A couple of words on our Japanese partnership again just to repeat what I said before, we’re highly confident that the Japanese approval will occur and will occur shortly and this will be for both dialysis and pre-dialysis we believe and when you think about the Japanese phosphate binder market currently is 350 million but that’s almost entirely dialysis because the only branded approval for phosphate binder in pre-dialysis occurred two months ago or three months ago that was Fosrenol. We expect Zerenex to become second one very shortly.

In terms of the economies that are due to us so there will be a milestone upon approval. In addition to that we expect double digit royalty starting at low teens escalating mid-teens depending on sales thresholds and in addition to that there will be sales milestones, cash milestone. So we believe a very lucrative partnership with a very strong partner that we’re very happy to be associated with.
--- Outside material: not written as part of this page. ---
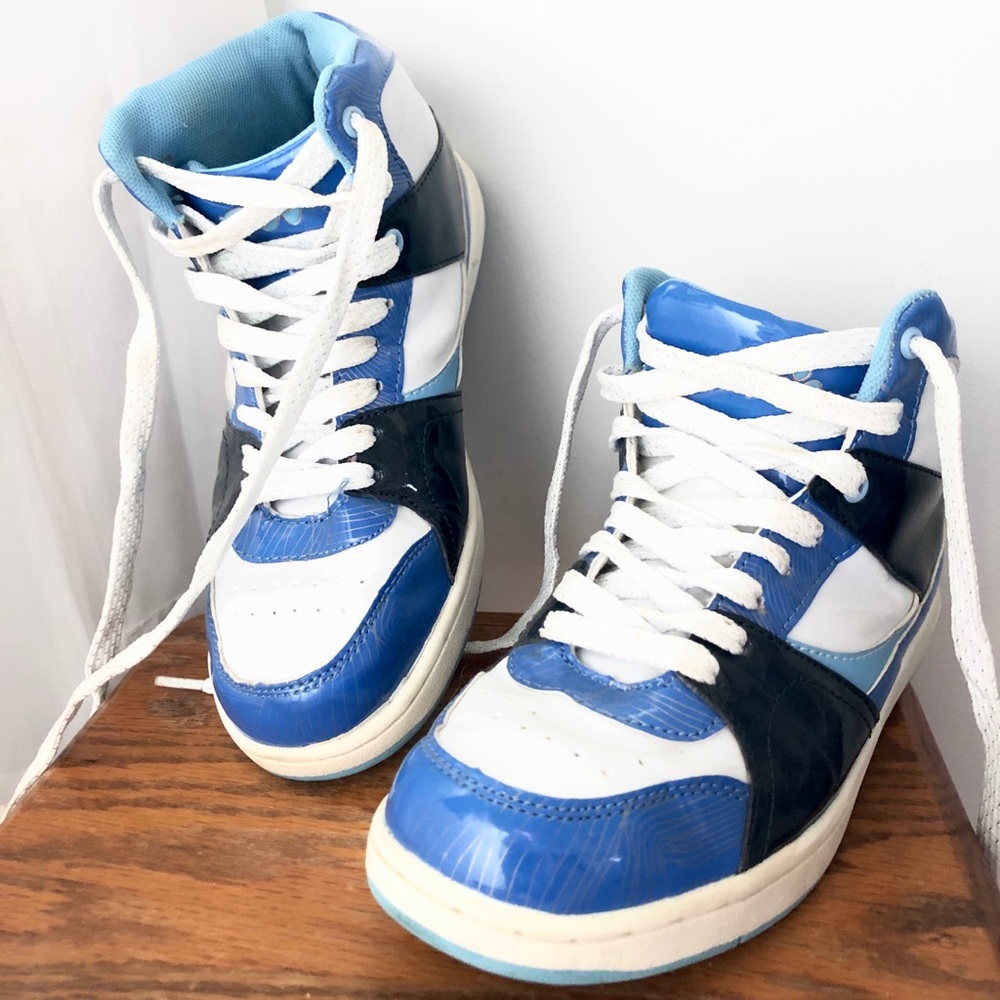 Gentle Used Air High-Tops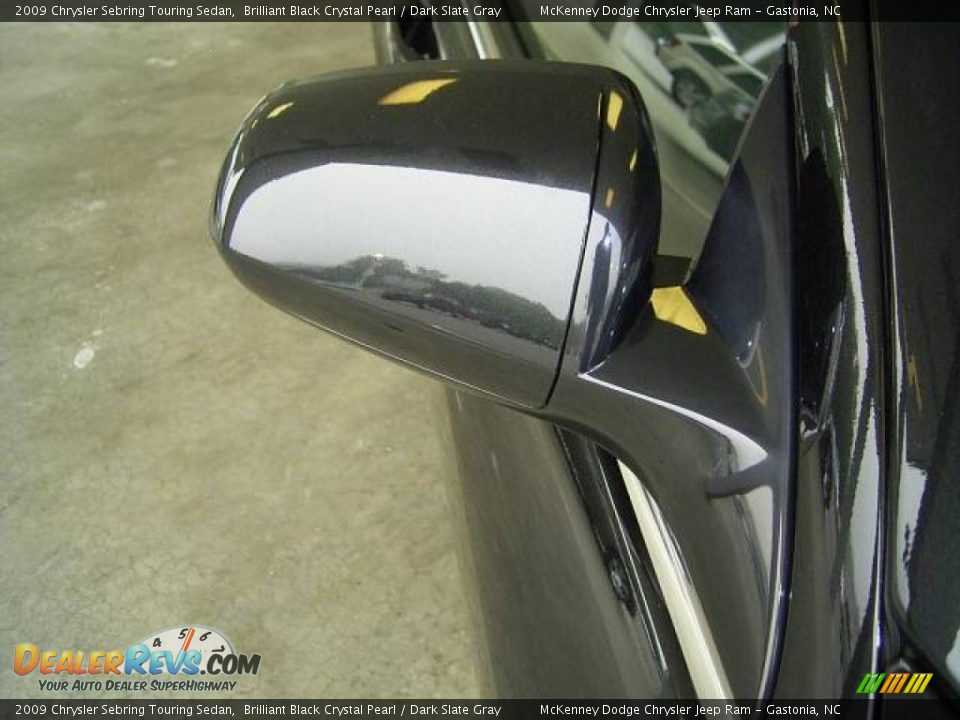 2009 Chrysler Sebring Touring Sedan Brilliant Black Crystal Pearl / Dark Slate Gray Photo #17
In terms of intellectual property I’m going to keep it very simple, we have patent protection through 2024 at a minimum. I would be happy to talk to you offline about that. In addition to that we believe that the buy equivalency route for drug such as ours that on one hand the GI action so basically it's locally acting if you try to do a PK study you’re not going to find the drug in the system, so that’s one complexity. The additional complexity that generics would have with respect to our drug is the fact that we do have systemic absorption, that systemic absorption is manifested by the fact that we’re seeing the iron stores go up but however you still cannot run a PK and measure the drug in the system so the only way to really address a bioequivalency as it relates to that aspect of it, we believe is the Ferritin and TSAT story and we believe that that would entail a fairly lengthy clinical trial.

Any further questions can be taken at the breakout session. I know this is very strict in terms of timeline. So thank you very much and we’re at the Yorkshire room. Thank you.